Heat transfer tubes for shell and tube heat exchangers have usually
at least one structured area and smooth ends and possibly smooth
center lands. The smooth ends or smooth center lands confine the
structured areas. In order for the tube to be able to be installed
without any problems into the shell and tube heat exchanger, the
outside diameter of the structured areas may not be greater than
the outside diameter of the smooth ends and smooth center
lands.
[0006] To increase heat transfer during evaporation, the process of
the nucleate boiling is intensified. It is known that the formation
of bubbles starts at the nucleation sites. These nucleation sites
are mostly small gas or vapor inclusions. Such nucleation sites can
be created merely by roughening the surface. When the increasing
bubble has reached a specific size, it detaches from the surface.
When during the course of the detachment of the bubble the
nucleation site is flooded by the following flow of liquid, the gas
or vapor inclusion is possibly displaced by liquid. The nucleation
site is in this case inactivated. This can be avoided by suitably
designing the nucleation sites. It is necessary for this purpose
that the opening of the nucleation site is smaller than the cavity
therebelow, as for example in re-entrant cavities.
[0007] It is state of the art to manufacture such cavities on the
basis of integrally finned tubes. Integrally finned tubes are
finned tubes in which the fins are formed out of the wall material
of a plain or smooth tube. Various methods are known whereby the
channels between adjacent fins are closed off in such a manner that
connections between channel and surrounding area remain in form of
pores or slots. Liquid and vapor can be transported through these
pores or slots. Such essentially closed channels are created in
particular by bending or folding of the fin (U.S. Pat. No.
3,696,861, U.S. Pat. No. 5,054,548), by splitting and flattening of
the fin (DE 2,758,526, U.S. Pat. No. 4,577,381), and by notching
and flattening of the fin (U.S. Pat. No. 4,660,630, EP 0 713 072,
U.S. Pat. No. 4,216,826).
[0008] The known patents have the goal to produce an as much as
possible constant channel and pore size. The U.S. Pat. No.
5,054,548 discloses depending on the substance to be evaporated
(high pressure or low pressure refrigerant) optimal pore sizes of
different sizes. This consideration assumes that the pore system is
best constructed of equally large pores.
[0009] JP OS 63-172,892 describes a method with which large and
small cavities are created that are closed off from one another.

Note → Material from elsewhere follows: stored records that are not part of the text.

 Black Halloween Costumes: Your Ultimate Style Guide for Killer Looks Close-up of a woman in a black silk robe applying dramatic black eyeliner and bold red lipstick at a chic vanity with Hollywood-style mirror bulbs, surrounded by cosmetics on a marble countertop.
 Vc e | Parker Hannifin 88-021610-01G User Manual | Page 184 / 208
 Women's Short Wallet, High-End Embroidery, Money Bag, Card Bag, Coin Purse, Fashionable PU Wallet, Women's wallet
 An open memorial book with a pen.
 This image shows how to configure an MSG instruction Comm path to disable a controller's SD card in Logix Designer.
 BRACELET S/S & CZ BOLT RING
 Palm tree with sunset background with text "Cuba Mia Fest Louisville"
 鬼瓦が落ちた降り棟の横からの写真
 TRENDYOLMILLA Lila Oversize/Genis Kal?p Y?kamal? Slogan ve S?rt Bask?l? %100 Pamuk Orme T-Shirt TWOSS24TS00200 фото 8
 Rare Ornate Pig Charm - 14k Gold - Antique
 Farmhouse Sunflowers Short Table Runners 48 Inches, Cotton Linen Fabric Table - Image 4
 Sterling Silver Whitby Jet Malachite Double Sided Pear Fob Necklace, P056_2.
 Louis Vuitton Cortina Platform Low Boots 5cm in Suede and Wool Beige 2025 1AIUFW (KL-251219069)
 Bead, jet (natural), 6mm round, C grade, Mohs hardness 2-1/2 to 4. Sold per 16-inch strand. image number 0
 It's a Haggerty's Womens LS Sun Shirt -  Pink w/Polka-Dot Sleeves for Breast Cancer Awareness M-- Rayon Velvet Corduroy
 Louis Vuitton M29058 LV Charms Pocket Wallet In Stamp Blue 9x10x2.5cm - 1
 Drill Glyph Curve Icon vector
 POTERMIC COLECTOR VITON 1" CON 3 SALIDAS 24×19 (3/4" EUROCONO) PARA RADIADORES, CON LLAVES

This is accomplished by widening the rolled fin channels at regular
intervals. The individual cavities are connected to the outside
area by variably large pores; however, large and small cavities are
separated from one another. The goal of the JP OS 63-172,892 is to
create a structure which is supposed to function steadily during
variable heat fluxes, expressed by the wall superheat. The large
cavities and pores are, during high wall superheat, suppose to
assure the heat transfer, whereas the small cavities and channels
separated therefrom are suppose to assure heat transfer during low
wall superheat. This manner of consideration assumes again that a
certain pore size is optimal for a specified operating condition
(heat flux, equilibrium conditions, evaporating substance). The
widening of the channels is achieved by a gearlike disk which is
thicker than the channel width between the fins. With this the fins
are pressed further apart to both sides at the widening area. The
two adjacent channels are subsequently closed off at this area,
thus creating individual cavities separated from one another. A
comparatively very large opening is created at the widening
area.
[0010] JP OS 54-16,766 suggests a heat transfer surface with large
and small pore openings, whereby the pores are arranged in such a
manner that all large pores are on one side of the tube and all
small pores on the other side of the tube. Such a tube is provided
for the horizontal installation into a shell and tube heat
exchanger. However, the installation must be done in such a manner
that the large pores are directed upwardly and the small pores
downwardly. The liquid is then sucked in through the small pores
and the vapor is ejected upwardly through the large pores. Such an
installation in a specified orientation can, however, not be
carried out during a large scale production of heat exchangers
since the tubes are usually connected to the heat exchanger through
a rolling operation, and during this rolling operation the tube
rotates about its axis at an uncontrollable angle measurement.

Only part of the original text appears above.